### SUPPLIED DATA ###

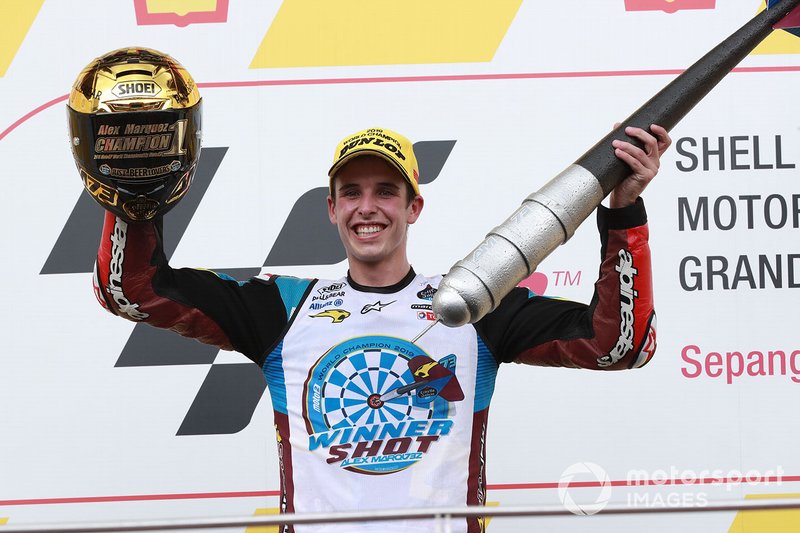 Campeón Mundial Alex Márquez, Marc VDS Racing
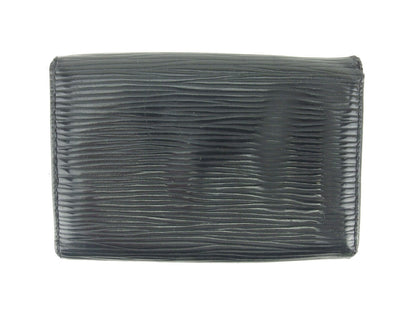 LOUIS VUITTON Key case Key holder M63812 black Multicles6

###
### SUPPLIED DATA ###

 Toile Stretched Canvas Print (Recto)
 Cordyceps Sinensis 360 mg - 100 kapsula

###

ASSIGNMENT: The response must repeat exactly the lines above from the one with "Campeón Mundial Alex" through the one with "LOUIS VUITTON Key", including both, and must contain no pictures and no other text.

OUTPUT FOR THIS TASK:
 Campeón Mundial Alex Márquez, Marc VDS Racing
 LOUIS VUITTON Key case Key holder M63812 black Multicles6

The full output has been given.